Quantum dots won the Nobel Prize, but proved to be a miss in the biomedical space.
This year the Nobel Prize in Chemistry went to three scientists — Moungi Bawendi, Louis Brus and Alexei Ekimov — for the discovery and synthesis of quantum dots. Quantum dots are artificially synthesized nanoscale crystals, usually between 1.5 and 10 nm, that emit various fluorescent colors when exposed to ultraviolet light due to movement of electrons. Larger quantum dots emit longer wavelengths of light, yielding colors like orange or red, while smaller quantum dots emit shorter wavelengths, showing colors such as blue and green.
Today, quantum dots are in television displays and computer monitors, where they provide higher color accuracy and increased brightness as compared with traditional liquid crystal displays. They are also used as fluorescent biological labels to tag specific proteins within a cell or tissue. They make excellent imaging tools because they are extremely bright, have low autofluorescence, show little spectral overlap, and are not as prone to photobleaching as traditional fluorescent markers. Over the last decade or so, quantum dot-based probes have enabled multiplexed cellular imaging that was previously impossible with traditional fluorescent proteins.
In the early 2000s, Nature Biotechnology published several papers using quantum dots for in vivo imaging. Kim et al.1 showed that quantum dots could be used to visualize sentinel lymph nodes in mice and pigs, eliminating the need for a radioactive tracer and a blue dye during surgical procedures. Lidke et al.2 used fluorescent quantum dots bound to epidermal growth factor (EGF) to investigate how EGF tracks to its receptor. The approach showed that quantum dots attached to natural ligands could serve as effector molecules to provide real-time visualization of signaling mechanisms in cells. Elsewhere, scientists were deploying quantum dots to image capillaries in mouse skin, blood vessels in tumors and the brain extracellular space.
Quantum dots were also showing potential in drug delivery. Here, small-molecule hydrophobic drugs could be embedded between the core and polymer coating or hydrophilic therapeutic agents could be bound to the polymer itself3,4,5. In theory, quantum dots could enable traceable drug delivery, would help in measuring the drug candidates’ pharmacodynamics properties and could aid in designing and engineering drug carriers. Quantum dots could be visualized noninvasively and in real time, and would be cheaper than traditional imaging modalities like MRI.
Despite their clinical potential, issues surfaced when using these nanoparticles in vivo. Several papers in the early 2000s showed that quantum dots made with cadmium selenide could kill cells grown in vitro. Cadmium, which is found in most quantum dots because it glows brightly and reliably, is toxic in high doses, although it was not clear how toxic the dots would be in humans. Toxicity depended on the environmental conditions and the quantum dot properties, such as size, charge and concentration6.
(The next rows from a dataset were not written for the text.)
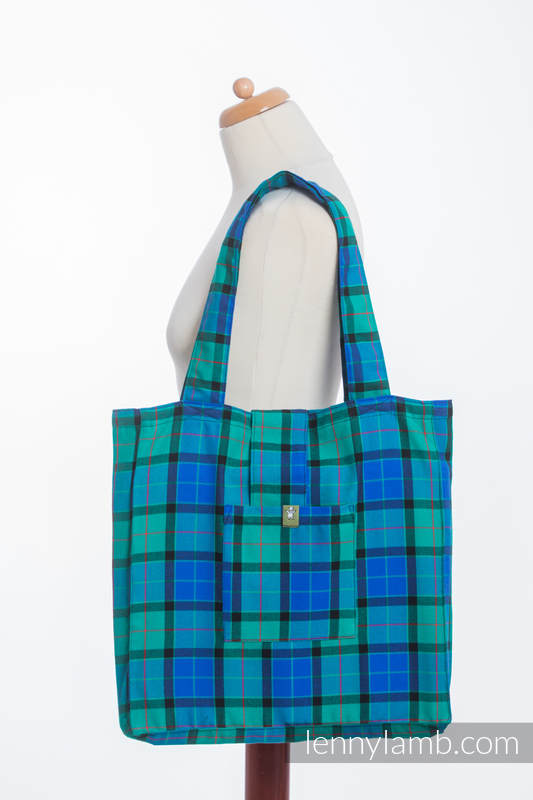 Shoulder bag made of wrap fabric (100% cotton) - COUNTRYSIDE PLAID - standard size 37cmx37cm #babywearing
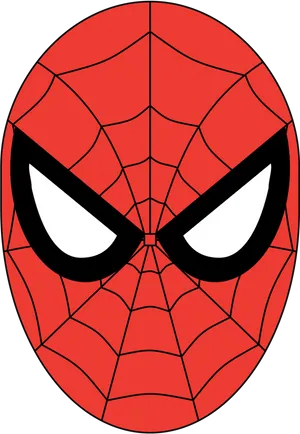 Iconic Spiderman Mask Graphic PNG Image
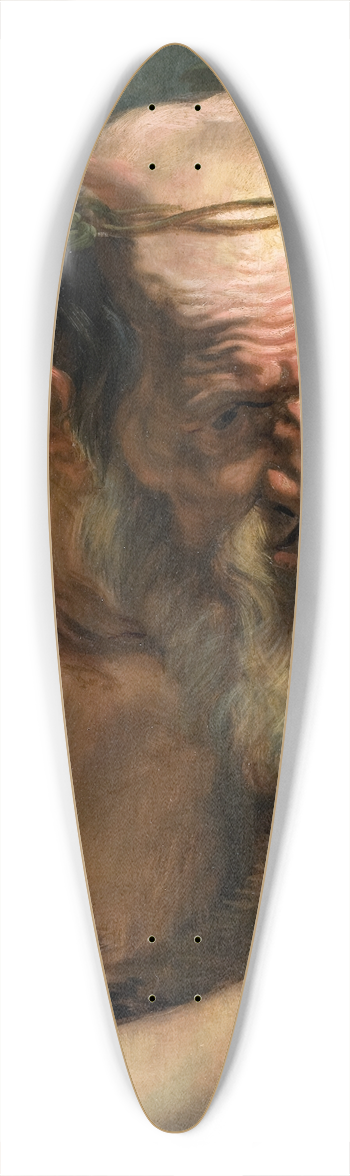 Jacob Jordaens - Old Satyr Holding a Flute 39.3 inch art pintail longboard deck
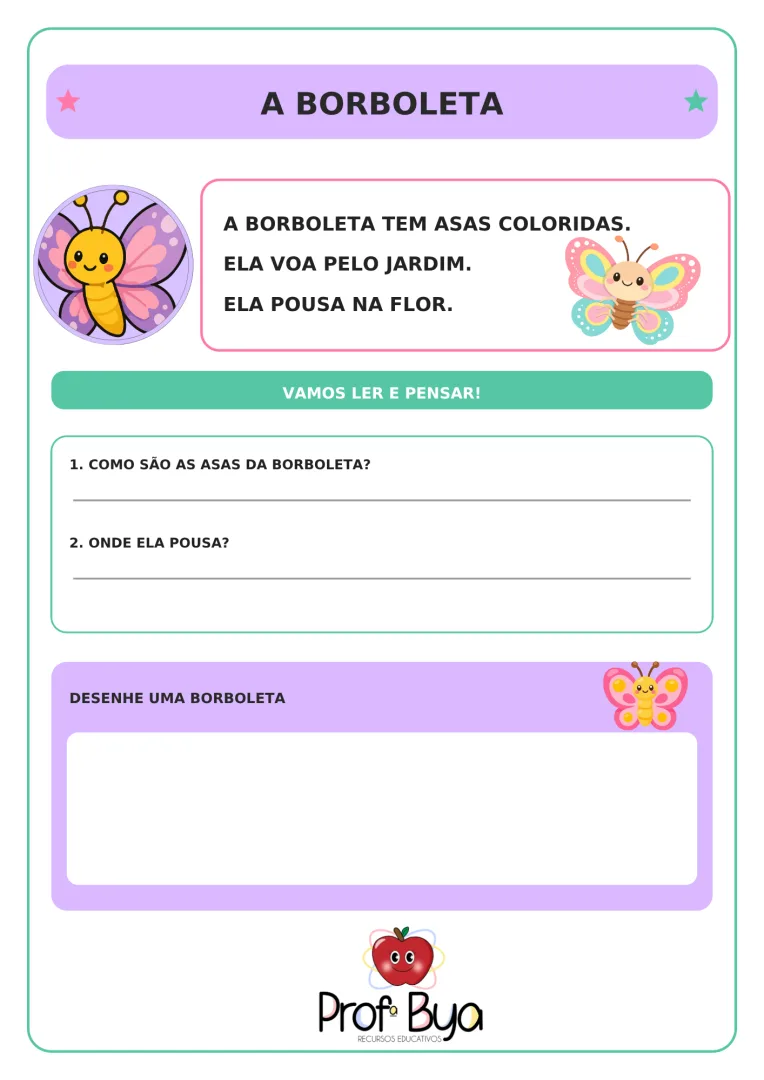 Atividades de Alfabetização e Interpretação de Texto - PDF — imagem 3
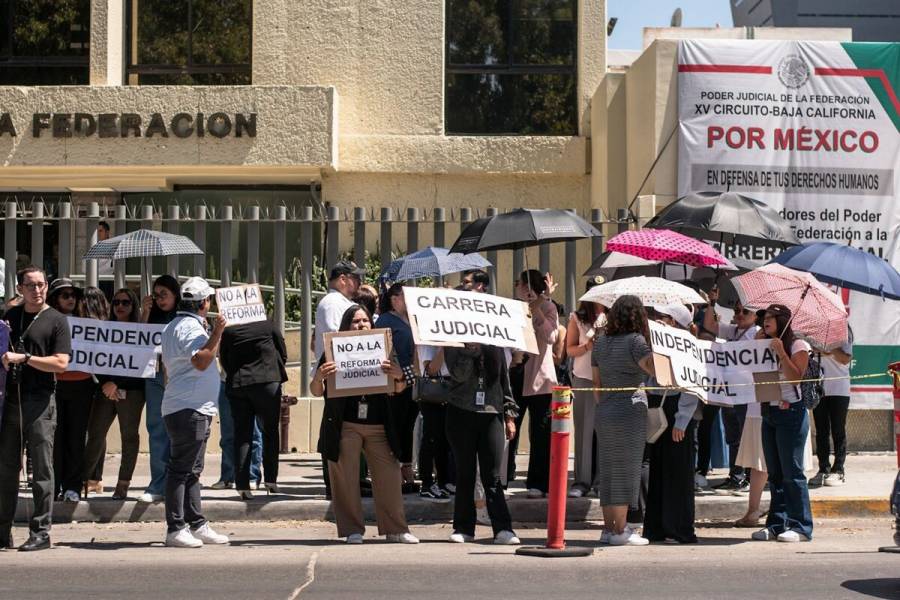 Paran ocho entidades del Poder Judicial en protesta por reforma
But for human applications, safety has to be paramount, and startups and pharma recognize this. As such, biomedical work with quantum dots stalled in preclinical stages, and the technology moved in a different direction, mostly to the electronics where we find them most today.
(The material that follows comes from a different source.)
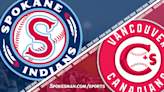Late homer drops Spokane Indians in 3-1 loss to Vancouver, snapping six-game win streak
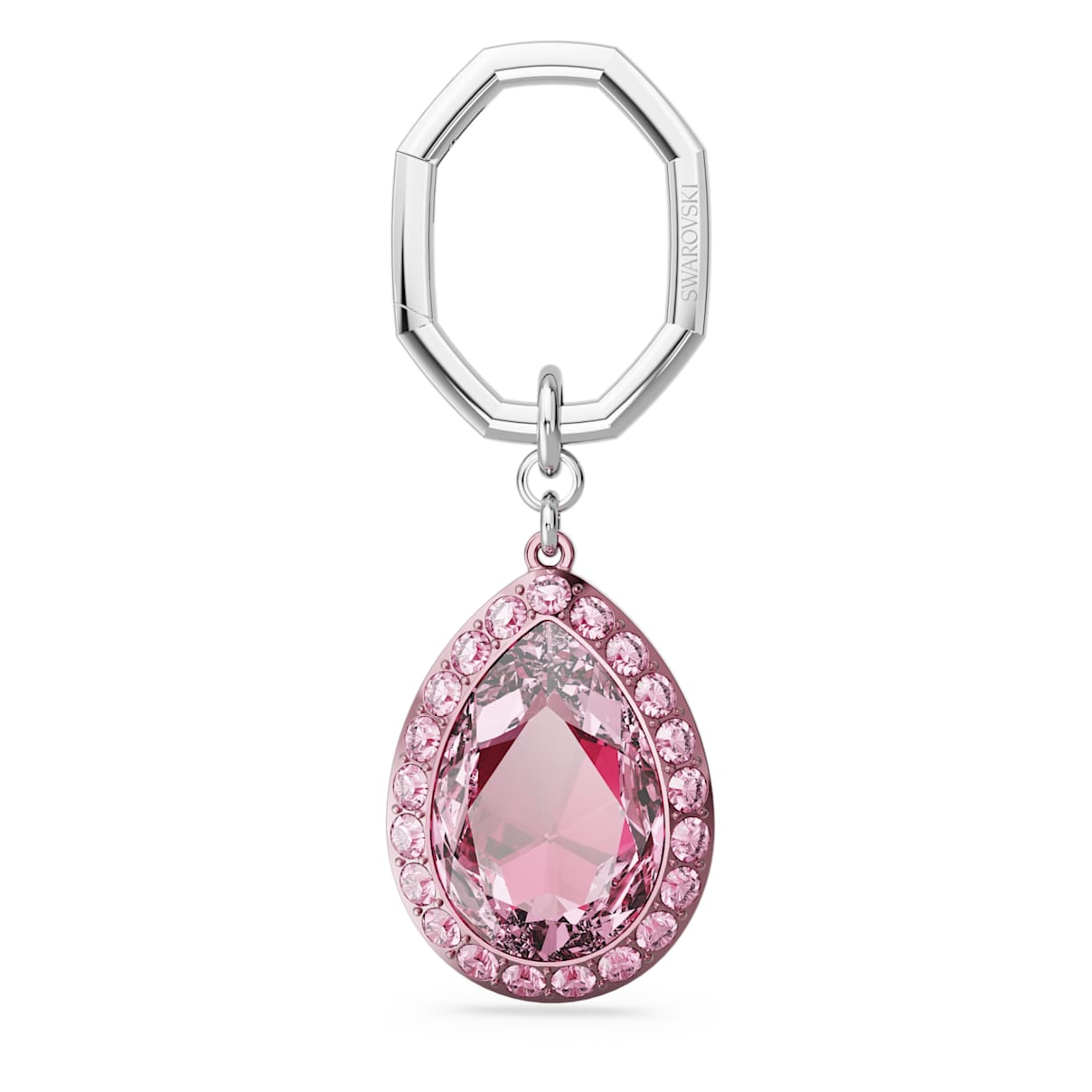 Key ring, Pear cut, Pink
Researchers and companies are still trying to make quantum dots work for biomedical applications by generating cadmium-free or nontoxic quantum dots. For example, C-Dots Nanotec creates carbon-based nanodots, avoiding the issues of heavy metals. These nanocrystal ‘siblings’ to quantum dots can now be used as tags for some of the same applications. But it remains to be seen whether any of these alternatives will gain traction in the biotech space as tools for drug delivery or imaging of cellular processes in vivo, and thus deliver on their original promise for biomedicine.